§ TASK INSTRUCTIONS
Find the line with "RODILLO 4 TOTAL" in the records below. Copy it and every line after it, up to and including the line with "Apartaestudio para estrenar".
——————
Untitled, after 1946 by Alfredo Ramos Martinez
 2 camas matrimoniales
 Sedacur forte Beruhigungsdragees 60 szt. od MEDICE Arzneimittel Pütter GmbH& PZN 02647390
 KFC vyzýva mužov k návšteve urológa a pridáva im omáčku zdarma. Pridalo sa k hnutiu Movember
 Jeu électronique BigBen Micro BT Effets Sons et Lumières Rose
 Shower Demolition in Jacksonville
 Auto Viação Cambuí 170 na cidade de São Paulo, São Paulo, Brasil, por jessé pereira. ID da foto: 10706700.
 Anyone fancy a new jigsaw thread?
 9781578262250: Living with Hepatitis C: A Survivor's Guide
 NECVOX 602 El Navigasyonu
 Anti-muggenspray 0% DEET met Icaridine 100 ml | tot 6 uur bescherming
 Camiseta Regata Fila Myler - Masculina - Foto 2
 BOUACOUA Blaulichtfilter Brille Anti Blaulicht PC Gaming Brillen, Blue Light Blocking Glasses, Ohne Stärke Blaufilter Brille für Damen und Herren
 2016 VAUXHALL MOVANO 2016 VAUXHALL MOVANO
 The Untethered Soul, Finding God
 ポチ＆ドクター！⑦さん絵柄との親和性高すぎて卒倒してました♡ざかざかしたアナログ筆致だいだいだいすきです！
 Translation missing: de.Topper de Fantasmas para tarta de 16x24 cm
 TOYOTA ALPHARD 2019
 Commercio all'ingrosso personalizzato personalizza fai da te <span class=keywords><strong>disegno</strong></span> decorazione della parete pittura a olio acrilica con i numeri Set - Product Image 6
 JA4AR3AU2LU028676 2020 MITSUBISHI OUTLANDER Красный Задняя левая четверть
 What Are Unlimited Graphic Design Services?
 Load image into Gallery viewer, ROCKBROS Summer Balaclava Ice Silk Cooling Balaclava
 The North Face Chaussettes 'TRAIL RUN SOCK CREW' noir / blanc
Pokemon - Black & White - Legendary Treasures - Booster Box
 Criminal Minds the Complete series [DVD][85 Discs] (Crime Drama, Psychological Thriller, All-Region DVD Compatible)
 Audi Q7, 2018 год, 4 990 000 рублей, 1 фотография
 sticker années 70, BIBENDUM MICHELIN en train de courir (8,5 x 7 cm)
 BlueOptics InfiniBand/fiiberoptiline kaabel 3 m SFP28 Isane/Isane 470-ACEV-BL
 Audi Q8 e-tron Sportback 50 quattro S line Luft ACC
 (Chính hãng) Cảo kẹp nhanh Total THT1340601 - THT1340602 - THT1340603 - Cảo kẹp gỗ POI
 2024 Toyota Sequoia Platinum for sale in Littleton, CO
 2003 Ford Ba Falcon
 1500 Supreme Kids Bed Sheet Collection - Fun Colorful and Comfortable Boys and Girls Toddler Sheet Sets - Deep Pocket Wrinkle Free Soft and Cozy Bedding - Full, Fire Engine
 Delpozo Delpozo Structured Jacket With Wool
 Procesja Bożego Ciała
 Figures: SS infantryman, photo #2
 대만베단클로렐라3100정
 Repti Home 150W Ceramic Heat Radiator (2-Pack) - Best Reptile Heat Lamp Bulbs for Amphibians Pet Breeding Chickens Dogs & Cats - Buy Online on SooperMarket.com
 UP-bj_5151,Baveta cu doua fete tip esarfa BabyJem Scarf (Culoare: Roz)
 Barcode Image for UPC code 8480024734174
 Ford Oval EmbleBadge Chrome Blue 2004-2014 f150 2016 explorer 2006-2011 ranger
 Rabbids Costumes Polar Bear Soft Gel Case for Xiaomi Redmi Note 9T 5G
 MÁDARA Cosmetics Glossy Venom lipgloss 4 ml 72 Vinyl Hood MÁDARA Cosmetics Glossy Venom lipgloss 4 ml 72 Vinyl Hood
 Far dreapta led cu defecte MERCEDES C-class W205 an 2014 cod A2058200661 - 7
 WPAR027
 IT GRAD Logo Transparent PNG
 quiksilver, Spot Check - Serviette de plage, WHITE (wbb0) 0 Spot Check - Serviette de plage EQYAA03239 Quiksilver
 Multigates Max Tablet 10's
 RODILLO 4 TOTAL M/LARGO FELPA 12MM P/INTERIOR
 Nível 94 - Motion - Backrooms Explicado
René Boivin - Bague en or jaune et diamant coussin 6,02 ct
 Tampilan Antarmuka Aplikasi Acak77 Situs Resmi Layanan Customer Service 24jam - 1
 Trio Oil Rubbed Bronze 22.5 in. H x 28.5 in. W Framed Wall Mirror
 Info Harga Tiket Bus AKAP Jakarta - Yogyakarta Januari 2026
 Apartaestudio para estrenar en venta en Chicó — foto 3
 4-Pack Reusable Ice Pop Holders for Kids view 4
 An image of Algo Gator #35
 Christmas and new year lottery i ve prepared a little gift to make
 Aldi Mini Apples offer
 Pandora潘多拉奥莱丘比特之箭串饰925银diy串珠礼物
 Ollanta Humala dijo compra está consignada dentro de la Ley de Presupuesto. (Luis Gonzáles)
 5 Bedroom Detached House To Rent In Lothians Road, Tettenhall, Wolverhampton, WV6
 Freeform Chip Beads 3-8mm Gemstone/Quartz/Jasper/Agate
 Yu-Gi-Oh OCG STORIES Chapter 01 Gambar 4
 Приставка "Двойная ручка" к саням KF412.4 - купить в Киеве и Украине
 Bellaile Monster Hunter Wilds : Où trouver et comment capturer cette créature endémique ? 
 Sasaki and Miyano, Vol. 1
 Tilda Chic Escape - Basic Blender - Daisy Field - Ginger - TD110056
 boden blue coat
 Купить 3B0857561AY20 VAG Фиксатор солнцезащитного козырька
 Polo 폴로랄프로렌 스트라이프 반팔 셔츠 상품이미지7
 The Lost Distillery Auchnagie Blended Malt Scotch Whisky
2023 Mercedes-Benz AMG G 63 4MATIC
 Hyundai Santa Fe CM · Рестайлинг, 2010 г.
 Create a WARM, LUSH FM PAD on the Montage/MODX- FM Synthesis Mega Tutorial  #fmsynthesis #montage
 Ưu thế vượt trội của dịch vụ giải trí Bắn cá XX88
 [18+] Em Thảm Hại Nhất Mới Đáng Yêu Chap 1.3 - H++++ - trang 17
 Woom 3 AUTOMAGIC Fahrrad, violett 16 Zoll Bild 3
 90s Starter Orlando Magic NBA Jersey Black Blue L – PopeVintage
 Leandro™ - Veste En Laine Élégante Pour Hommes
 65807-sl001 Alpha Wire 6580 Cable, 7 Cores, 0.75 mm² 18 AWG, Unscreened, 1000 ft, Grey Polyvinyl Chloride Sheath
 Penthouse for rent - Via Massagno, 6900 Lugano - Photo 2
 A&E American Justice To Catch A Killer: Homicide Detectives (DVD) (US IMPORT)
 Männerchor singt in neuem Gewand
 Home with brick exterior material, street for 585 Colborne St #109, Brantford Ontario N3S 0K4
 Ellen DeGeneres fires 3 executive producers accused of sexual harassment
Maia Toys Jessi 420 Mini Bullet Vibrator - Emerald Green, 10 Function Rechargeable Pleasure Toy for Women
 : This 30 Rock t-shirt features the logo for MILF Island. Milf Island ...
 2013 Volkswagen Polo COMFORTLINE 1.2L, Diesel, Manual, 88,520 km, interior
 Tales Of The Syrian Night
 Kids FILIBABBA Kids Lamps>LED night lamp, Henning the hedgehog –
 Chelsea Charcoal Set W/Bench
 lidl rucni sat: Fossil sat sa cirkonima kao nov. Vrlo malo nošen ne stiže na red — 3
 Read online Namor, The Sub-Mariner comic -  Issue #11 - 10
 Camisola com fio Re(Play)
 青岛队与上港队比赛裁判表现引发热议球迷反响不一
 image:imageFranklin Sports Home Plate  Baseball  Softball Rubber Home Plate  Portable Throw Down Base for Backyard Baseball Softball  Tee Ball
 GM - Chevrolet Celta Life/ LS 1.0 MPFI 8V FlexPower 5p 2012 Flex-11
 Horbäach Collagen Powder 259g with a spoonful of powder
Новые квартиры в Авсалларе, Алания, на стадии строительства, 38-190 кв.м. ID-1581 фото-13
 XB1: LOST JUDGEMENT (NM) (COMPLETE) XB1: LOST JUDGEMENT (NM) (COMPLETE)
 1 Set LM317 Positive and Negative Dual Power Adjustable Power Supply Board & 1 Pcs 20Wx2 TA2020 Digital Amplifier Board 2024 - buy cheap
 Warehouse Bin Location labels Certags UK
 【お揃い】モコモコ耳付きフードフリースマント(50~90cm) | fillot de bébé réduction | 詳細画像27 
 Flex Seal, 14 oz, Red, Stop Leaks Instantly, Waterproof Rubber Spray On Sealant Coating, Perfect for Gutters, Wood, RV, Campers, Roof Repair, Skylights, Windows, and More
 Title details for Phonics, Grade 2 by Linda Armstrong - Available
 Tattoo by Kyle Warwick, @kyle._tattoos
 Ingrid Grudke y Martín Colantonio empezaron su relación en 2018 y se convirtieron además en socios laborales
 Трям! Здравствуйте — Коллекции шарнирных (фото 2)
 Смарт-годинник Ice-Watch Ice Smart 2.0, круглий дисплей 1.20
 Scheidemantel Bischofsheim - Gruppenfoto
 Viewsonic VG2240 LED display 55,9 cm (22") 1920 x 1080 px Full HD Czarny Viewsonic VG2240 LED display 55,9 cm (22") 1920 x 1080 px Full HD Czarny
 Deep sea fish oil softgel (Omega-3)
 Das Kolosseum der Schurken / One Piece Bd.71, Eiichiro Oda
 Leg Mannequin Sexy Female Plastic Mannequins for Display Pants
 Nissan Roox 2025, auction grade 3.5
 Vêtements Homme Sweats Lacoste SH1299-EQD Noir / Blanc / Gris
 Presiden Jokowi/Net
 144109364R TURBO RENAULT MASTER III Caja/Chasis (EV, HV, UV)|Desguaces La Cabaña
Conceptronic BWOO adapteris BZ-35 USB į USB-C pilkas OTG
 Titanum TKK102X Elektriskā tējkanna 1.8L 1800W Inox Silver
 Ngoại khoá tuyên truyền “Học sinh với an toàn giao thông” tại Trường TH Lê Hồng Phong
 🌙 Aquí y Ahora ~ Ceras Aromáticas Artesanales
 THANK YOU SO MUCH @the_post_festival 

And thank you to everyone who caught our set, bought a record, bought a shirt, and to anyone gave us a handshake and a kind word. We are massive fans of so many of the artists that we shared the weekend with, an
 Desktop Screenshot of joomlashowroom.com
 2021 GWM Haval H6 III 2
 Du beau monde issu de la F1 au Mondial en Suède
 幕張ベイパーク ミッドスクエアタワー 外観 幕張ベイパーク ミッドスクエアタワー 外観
——————
§ RESPONSE TO THE TASK
 RODILLO 4 TOTAL M/LARGO FELPA 12MM P/INTERIOR
 Nível 94 - Motion - Backrooms Explicado
René Boivin - Bague en or jaune et diamant coussin 6,02 ct
 Tampilan Antarmuka Aplikasi Acak77 Situs Resmi Layanan Customer Service 24jam - 1
 Trio Oil Rubbed Bronze 22.5 in. H x 28.5 in. W Framed Wall Mirror
 Info Harga Tiket Bus AKAP Jakarta - Yogyakarta Januari 2026
 Apartaestudio para estrenar en venta en Chicó — foto 3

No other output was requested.